I would prefer a one-liner. After one night sleeping, I see two better 
approaches. The first one would be to remove completely the field instance, the 
xyzDecompose methods and change all other methods (solve, isNonSingular ...) to 
static, thus making DecompositionSolver a utility class never instantiated. The 
second one would be to have a DecompositionSolver that can be instantiated but 
instead of storing the matrix, it would store a configuration flag specifying 
which decomposition algorithm to use, in this case, the undecomposed matrix 
would be passed in the solve method and decomposed on the fly.

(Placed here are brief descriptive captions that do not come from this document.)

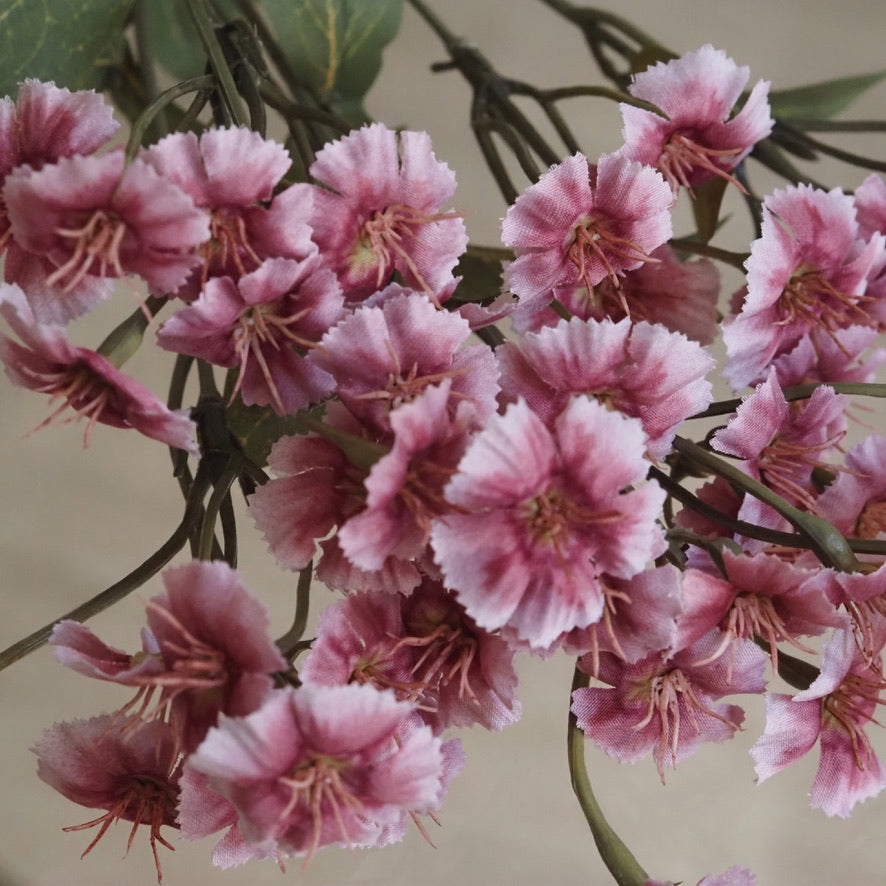 Deko-Zweig mit Blüten · Kleiner Blütenzweig in Altrosa mit textiler Blütenflora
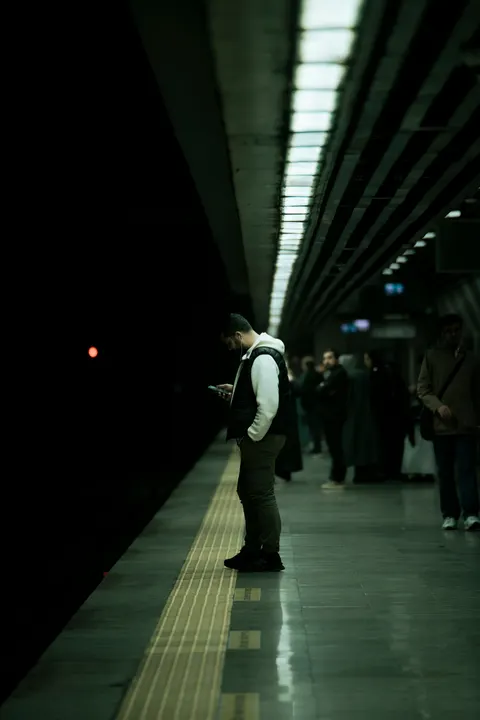 Metro Phone Wallpaper · street · 1440×2160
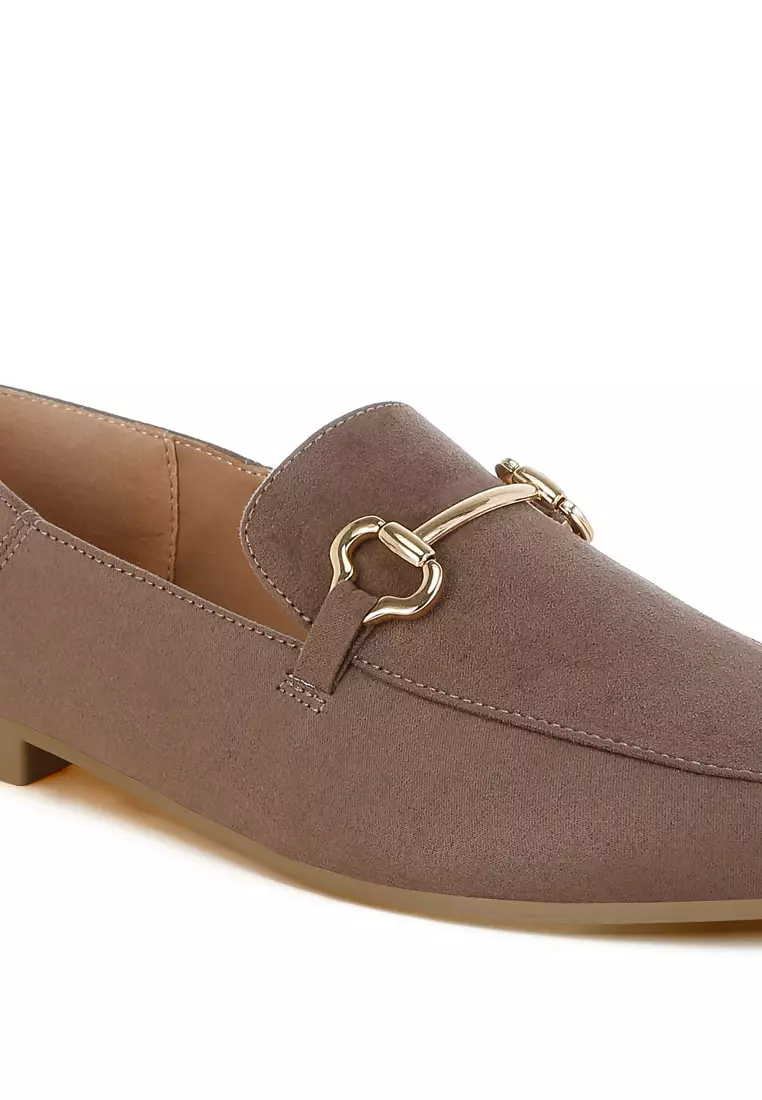 Sepatu Loafer Datar Hias Horsebit dalam Warna Taupe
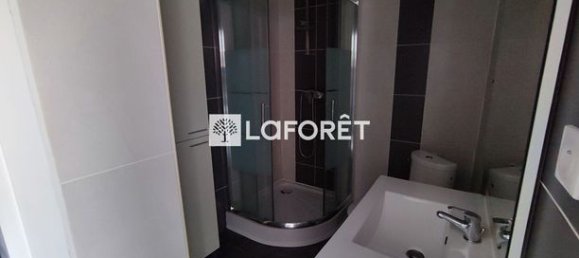 1 bedroom Apartment in Valdoie, France No. 358860 4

The first approach leads to:
   RealVector solution =
     DecompositionSolver.solve(constant, new QRDecompositionImpl(matrix));

The second approach leads to:
  RealVector solution =
    new DecompositionSolver(DecompositionSolver.USE_QR).solve(constant, matrix);

I prefer the first one. The decomposition algorithm is more explicit to users 
and they can reuse it. The second approach only advantage is if someone wants 
to configure a solver with some algorithm type once and for all and to reuse it 
several time in his code. However I think this use case is not a common one and 
it could be done by a suitable wrapper.

There is also one other thing I don't really like in my current implementation: 
the overloaded methods with the four types of decomposition 
(EigenDecomposition, SingularValuesDecomposition, QRDecomposition, 
LUDecomposition). However, simplifying this would require reintroducing some 
common base interface and wrappers like this:

   public class Solver {
     public RealVector solve(RealVector constant) {
       ...
     }
   }
   public class QRSolver implements Solver {
    ...
   }

   public class DecompositionSolver {
     public RealVector solve(RealVector constant, Solver solver) {
       return solver.solve(constant);
     }
   }

and we would end up with a DecompositionSolver that has no purpose at all! So I 
think it is better to stick with the four signatures types.

I will therefore implement and commit today the first approach without the four 
signatures types, just to see how it looks once implemented. It is 
straightforward and could be changed afterwards if something better is found.